De igual manera, cuando nos cepillamos los dientes sin reparar en cada maniobra, también hay automatismo. ¿Cuántos, en estos días, mientras en automático estamos dale que te pego al cepillo de dientes, no estaremos pensando a la vez "hay que ver pollitos, la que habéis liado...", aludiendo pesarosamente a los dos más preclaros ejemplos del arte de la diplomacia y de la negociación política que nunca vio la historia. Me refiero a don Carles, el gran maestre incitador de la sinrazón hiperactiva que niega el sentido común, y a don Mariano, el gran adalid de la razón apática y procrastinadora que pretende sempiternamente demostrar «lo que el tiempo resuelve». Magistral, cómo ambos se han reafirmado en que cada cual es responsable de lo que dice, pero no de lo que la otra parte entiende, que eso ni es importante en la comunicación, ni a ninguno de ellos les interesa. Lo acaecido ya figura en el Certificado de Penales de las marcas España y Cataluña y pronto será caso de estudio en las más insignes escuelas diplomáticas del mundo mundial. Todo un privilegio... ¿O no?

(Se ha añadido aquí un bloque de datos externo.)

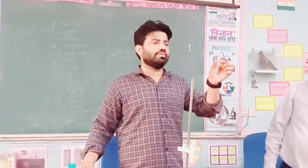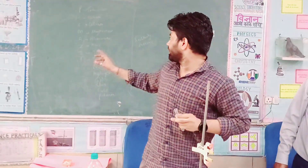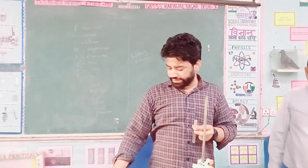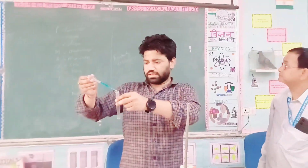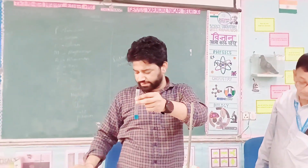This is Zinc, Sulphate, Aluminium. We will tell you which metal is more reactive and which is less reactive. First, we take copper sulfate solution, which is blue in color.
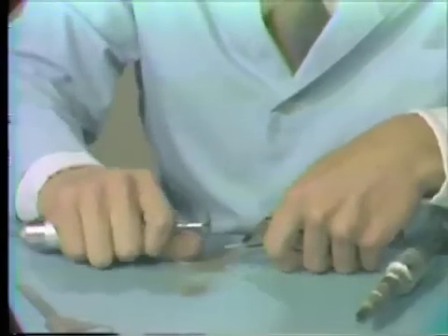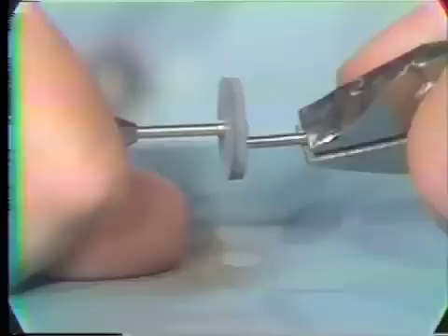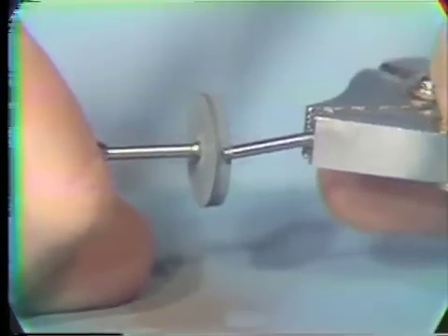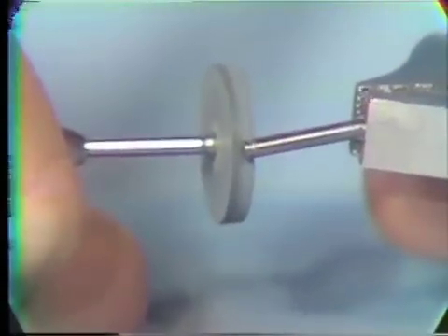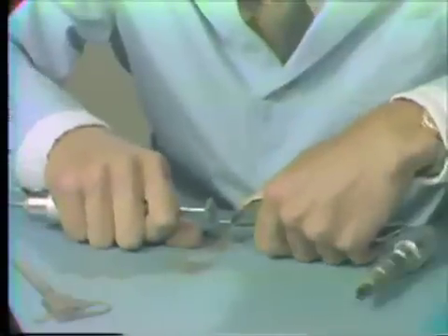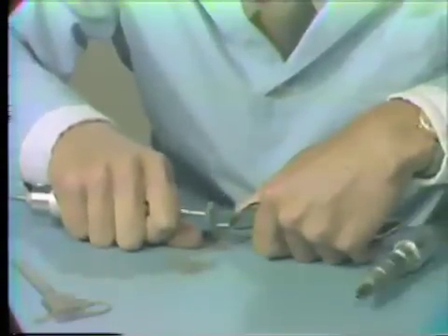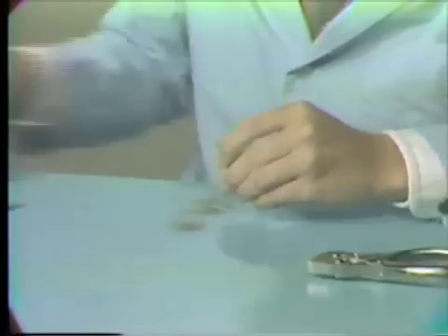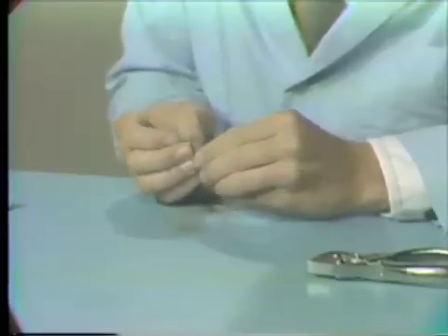You can either hold the burr in the pliers or leave it in the electro-torque as before. Cut in the groove with the heatless stone. The approximate depth to grind to is when the flat spot being ground approximates the depth of the cut that was originally made. At this point, check the flat spot that you've ground against a commercial burr.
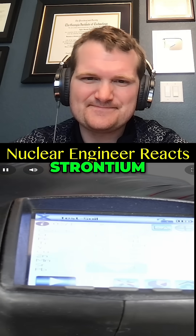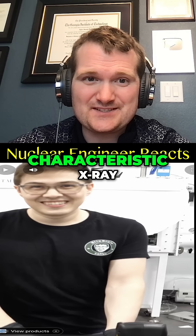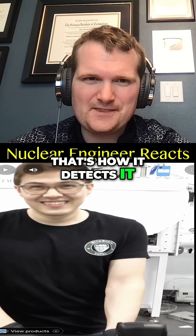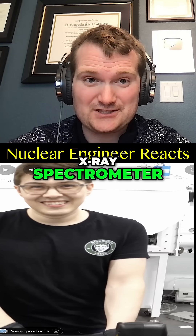It's actually probably the black paint on top — it has iron, titanium, vanadium, copper, zinc, manganese, strontium, lead. That's cool — there's a lot in there. Every element has its characteristic x-ray, and that's how it detects them. Think of it as a portable, low-power x-ray spectrometer.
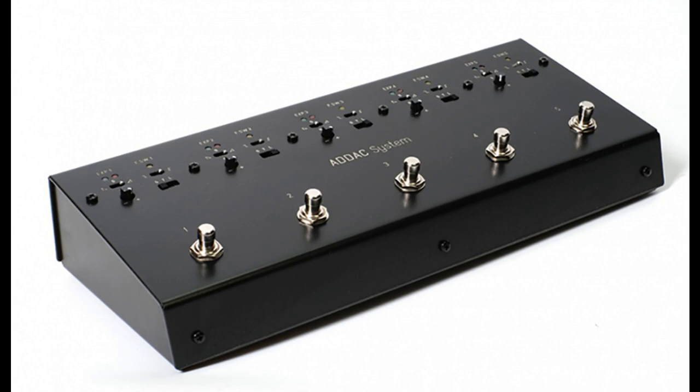Welcome to Music Gears, where we bring you the latest info on new music instruments, software, and other gear from around the world. ADAC introduces the ADAC 311 Ultra Floor Control.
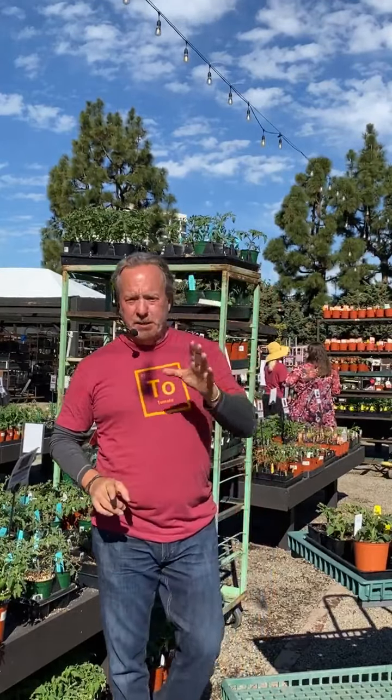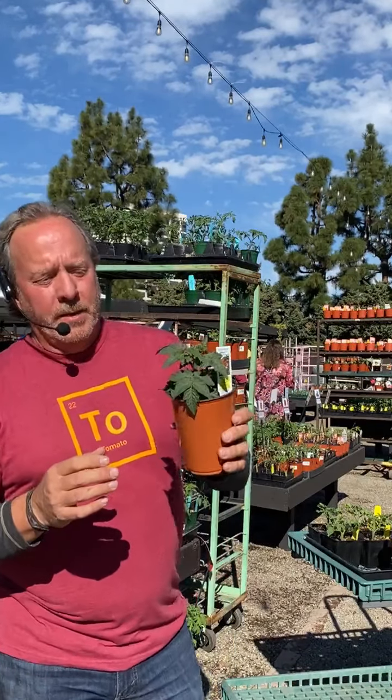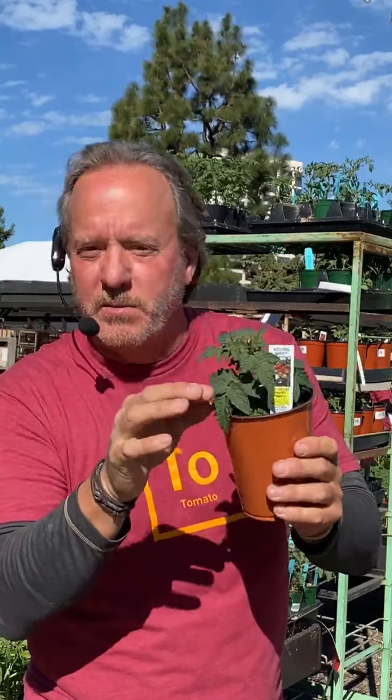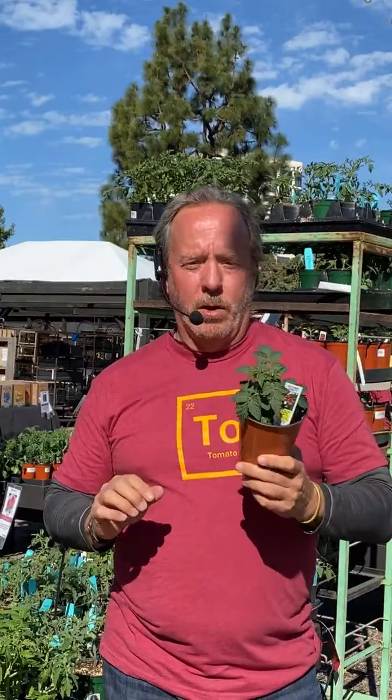There are basically three classes of dwarf tomatoes: the micro dwarfs, the standard dwarfs, and what's called a tree-type dwarf. Here's a cute one called, amazingly, a Kitchen Mini. You can see this leaf is kind of heavy — in horticultural circles it's called rugose. It's heavy, wrinkled, and very fuzzy. That's often what you find in many of the dwarfs. We like this because some people believe that leaf-borne diseases are less likely to happen on plants with rugose foliage, and thankfully you'll find that in a lot of the dwarfs.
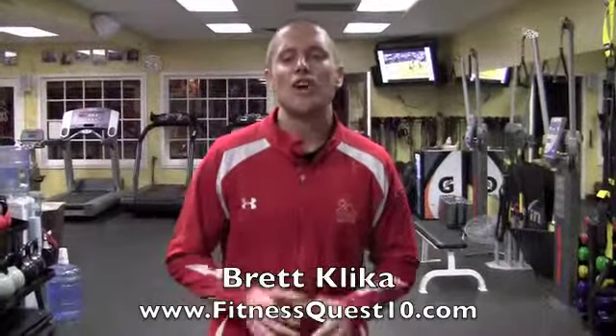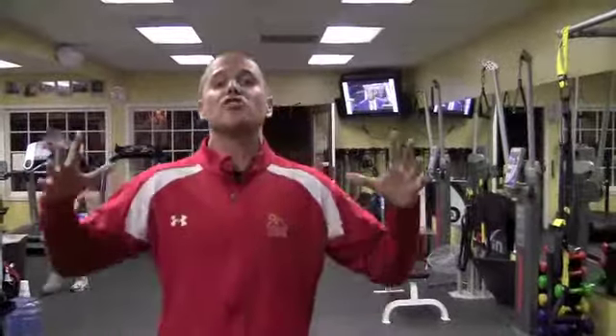Brett Klika here with the Gatorade Inside Edge. Now it doesn't matter what sport you play — whether you play basketball, baseball, softball, volleyball, or one of the extreme sports — eventually you're going to have to get off the ground.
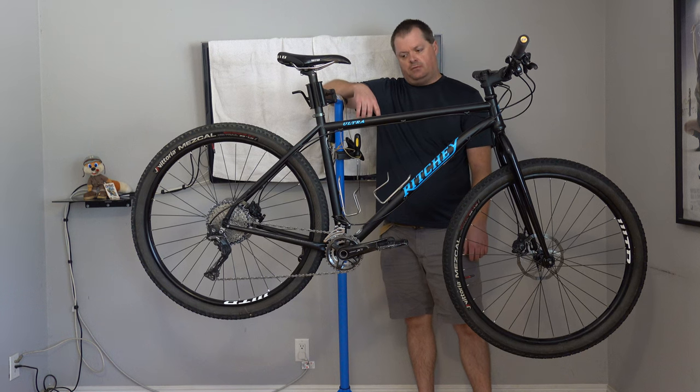Welcome to my channel. In this video I'm going over my Ritchey Ultra setup with a rigid fork.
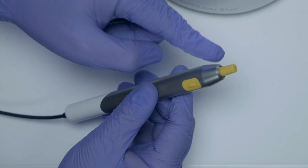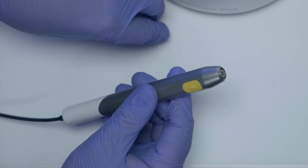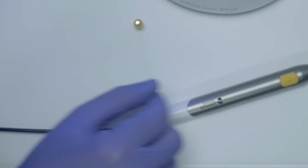From time to time, it may be required to clean the handpiece optics. Remove the protective cap from the connection socket at the handpiece and make sure that the device is switched off.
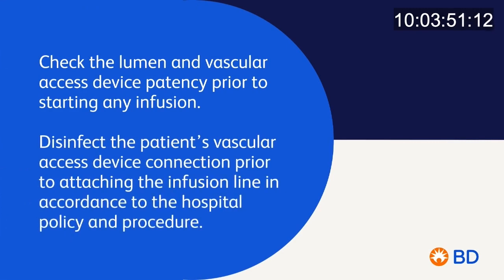Check the lumen and vascular access device patency prior to starting any infusion. Disinfect the patient's vascular access device connection prior to attaching the infusion line, in accordance with hospital policy and procedure.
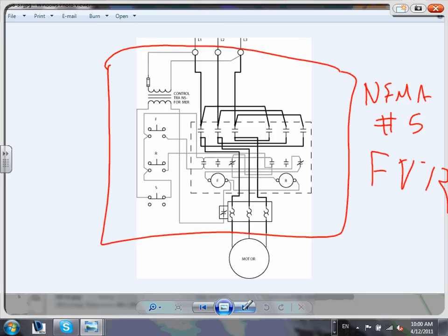We teach classes on how to troubleshoot these circuits - what would be the issue if the system is not working. Start with: do we have power coming in? If I measure power in but it's still not working, I always start with that little control fuse - is the fuse blown?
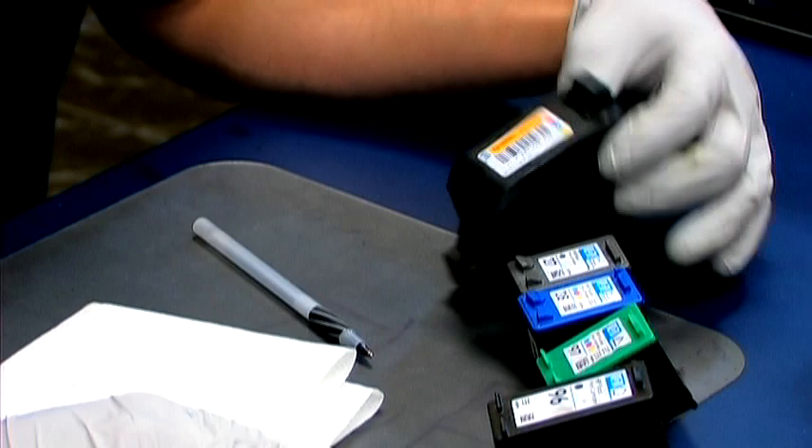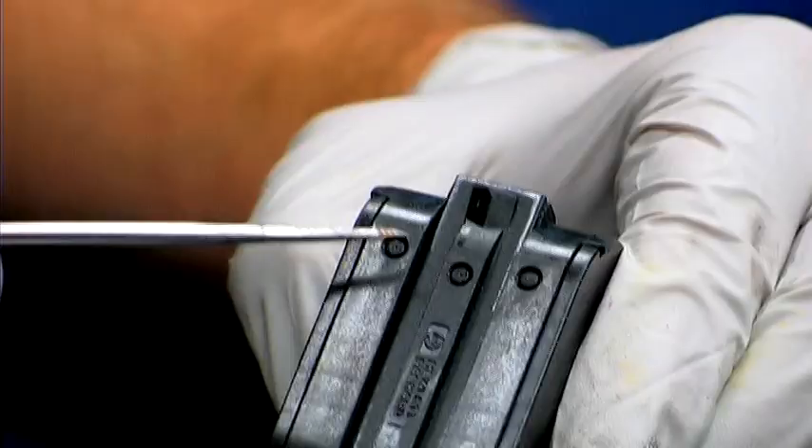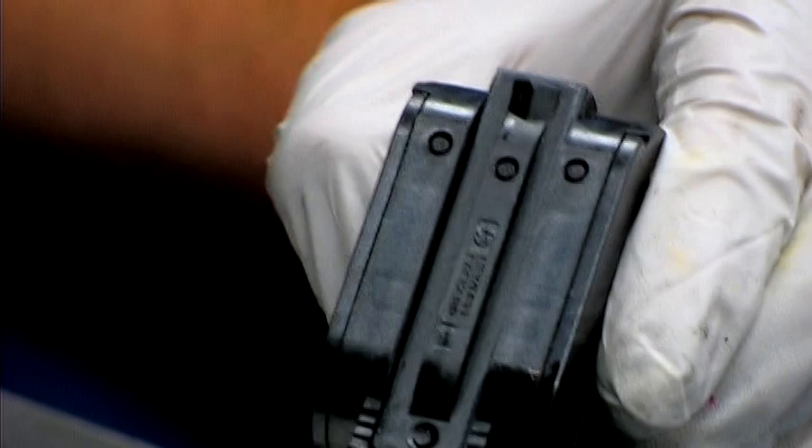For the older ones, you will need to pull out the stoppers. To remove the stoppers, you simply get a sharp object and pull out. You can also push them into the cartridge, and that has no ill effects.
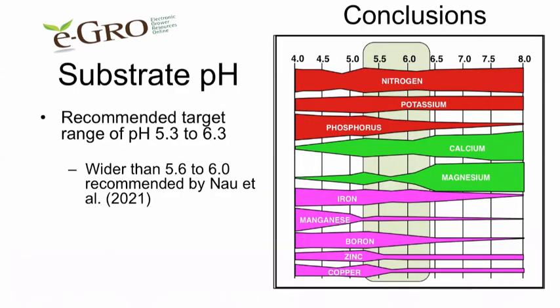Therefore, our recommendations are to grow coleus between 5.3 and 6.3. This is slightly wider than what's recommended in the Ball Red Book range of 5.6 to 6.0.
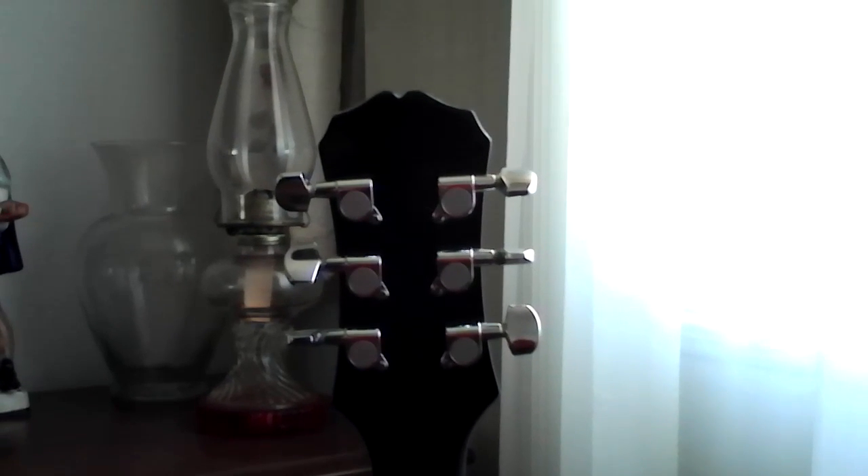Got some really nice Gotoh or Mini Grover style tuners. It's slightly thinner along the top of this guitar, also on the cap.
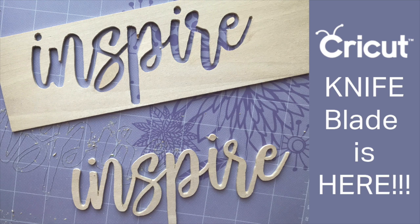Hi everyone, thanks for joining me. Exciting news — the much anticipated Cricut knife blade is here and it's ready to use, and I've had the distinct privilege of getting to play with it for about a week or so. I am so excited about this. This is the project we're going to cut in the video, and I'm also going to show you a couple of projects I cut — one with leather and one with suede. So let's jump over to Design Space and start there, and then we'll click over to the machine.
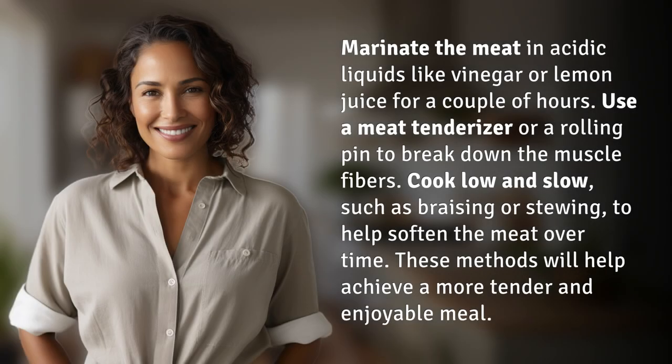Marinate the meat in acidic liquids like vinegar or lemon juice for a couple of hours. Use a meat tenderizer or a rolling pin to break down the muscle fibers.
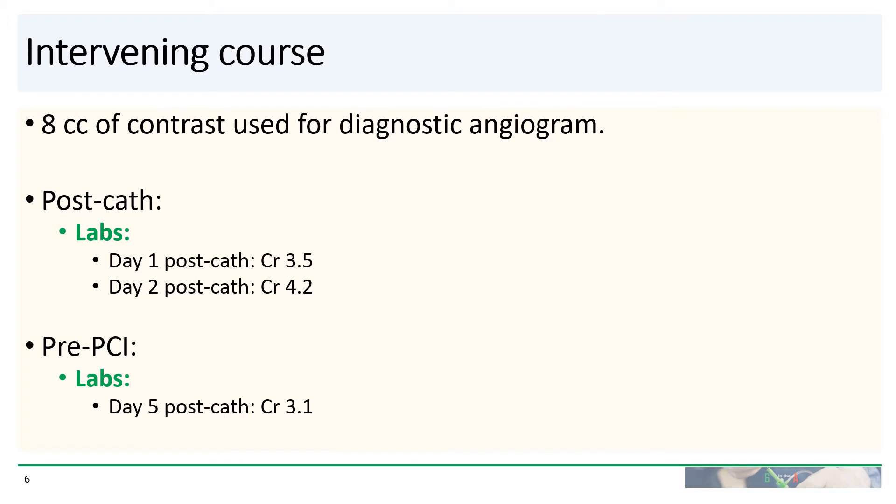To save contrast, only three shots were taken and only eight cc's of contrast was used. Unfortunately, his creatinine increased to 3.5 the day after cath and then peaked on day two at 4.2. PCI had to wait a few more days, and on the day of his PCI, his creatinine had improved back down to 3.1.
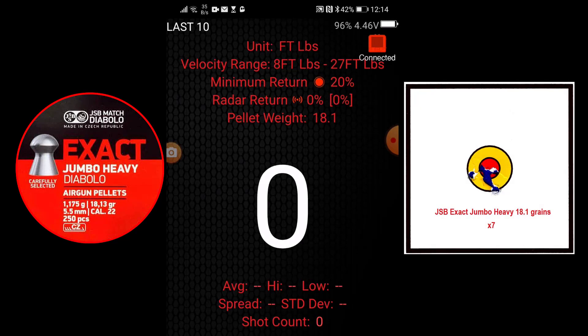Okay then, the lightweight JSB 18.1 grains — there we go.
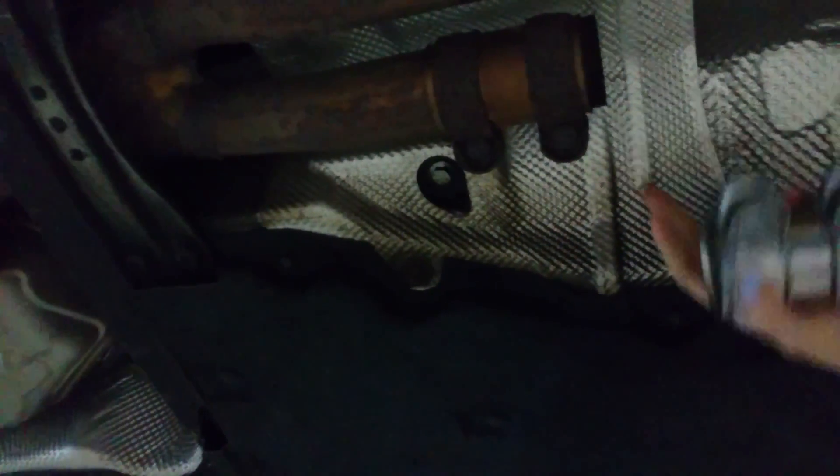If you look under the car — I'm going to flip it up here — you can see there's the one clamp, which is the new clamp, and this is the old clamp. What happened was the clamp rusted out, and it caused the catalytic converter to actually drop down and drag on the ground. So this customer had to have the car towed in.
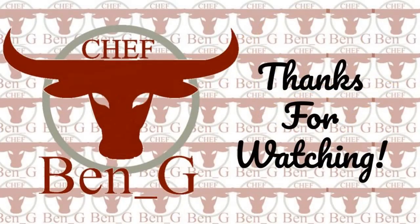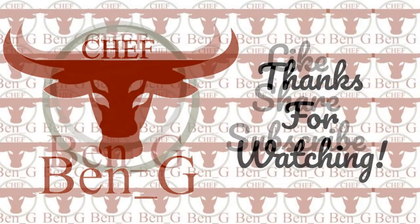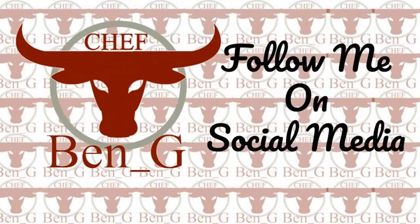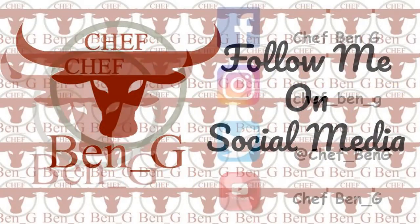Thanks for watching. Be sure to give the recipe a try, like and share to your social media, and consider subscribing to never miss a future video. Why not try one of the recipes on screen now?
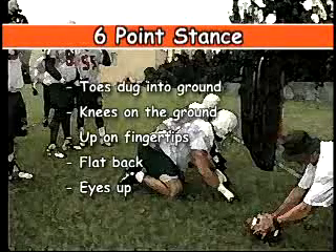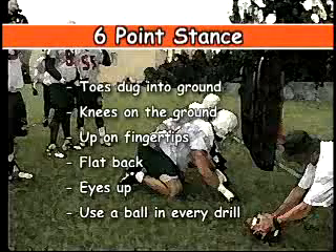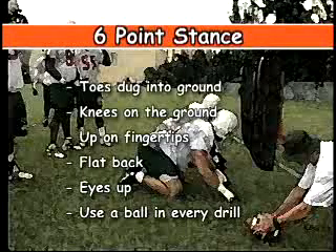We're going to use a ball in pretty much every drill we do. So we're not getting used to moving on cadence or sound — we're getting used to moving on movement.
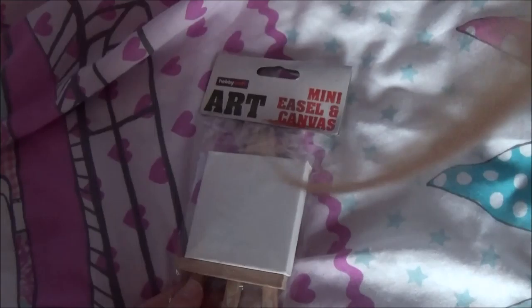Next item — I got this for £1 and it's a mini easel and canvas. I thought this was so cute because I use mini canvases sometimes, so I thought it was a really good idea.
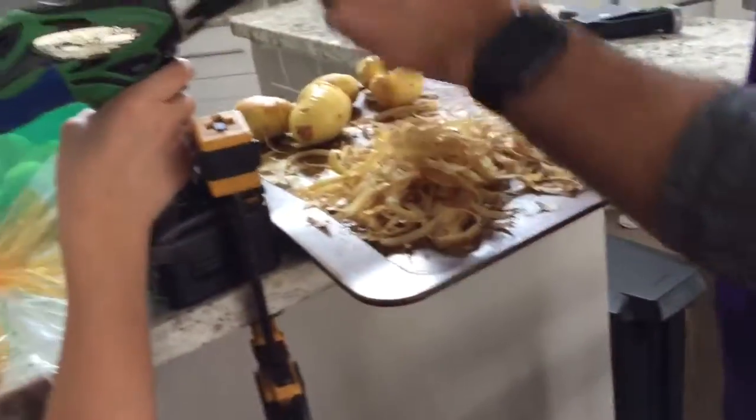Do you know you have another bag in there? There is? Yep. Bye! Bye!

Los automatismos responden a una base genética que nos condiciona y a los sucesivos entornos que nos determinan, y contribuyen a dibujar nuestra manera de ser y de parecer ante el mundo y a conformar nuestro carácter en el sentido extenso del concepto. Otro ejemplo: cuando de dos personas, ante el mismo estímulo, una reacciona asumiéndolo como parte inseparable de su aprendizaje y la otra lo identifica cómo un despiadado ataque personal sin motivo que merece una respuesta contundente, es evidente que en la primera persona se está produciendo una reflexión y una toma de consciencia, y en la segunda se está verificando un automatismo de defensa, indeseable en este caso. La consciencia y el automatismo son como los polos magnéticos. Se repelen.

Y usted, amable lector, se preguntará, ¿de qué va esto hoy...? Pues, ya lo verá, va de turismo en carne viva...

En los individuos conterráneos y coetáneos entregados al mismo oficio, léase, al turismo en este caso, los automatismos son frecuentemente similares, cuando no idénticos entre sí. Y esta circunstancia facilita que los automatismos de la masa lleguen a percibirse como automatismos propios del destino turístico en su conjunto, y que terminen perpetuándose en el núcleo esencial de la mismidad turística del destino en cuestión. O sea, un destino que sesenta años después sigue divagando sobre la depuración de sus aguas marinas, por los automatismos adquiridos, se convierte en un destino rendido a unas circunstancias en el que las natas pestilentes pasan a formar parte de la pseudoidentidad del destino, como un defectillo asumido sobre el que de nada sirve desasosegarse. ¿O miento?

Valga otro botoncito de muestra entre los muchos posibles: un destino turístico que persiste en ser belicoso con la estacionalidad, sin tomar consciencia de que la estacionalidad es un angelito inocente obra de los propios agentes del destino, es un destino que está instalado en unos automatismos que le impiden tomar consciencia de que, sea grande o pequeña, la estacionalidad no merece guillotina que la descabece, sino toma de consciencia que la gestione, pase por donde pase la gestión.

Mientras el sector turístico siga instalado en sus inveterados automatismos, la toma de consciencia y la reflexión madura, nunca comparecerán...

Jo, tú, se me han humedecido los ojos.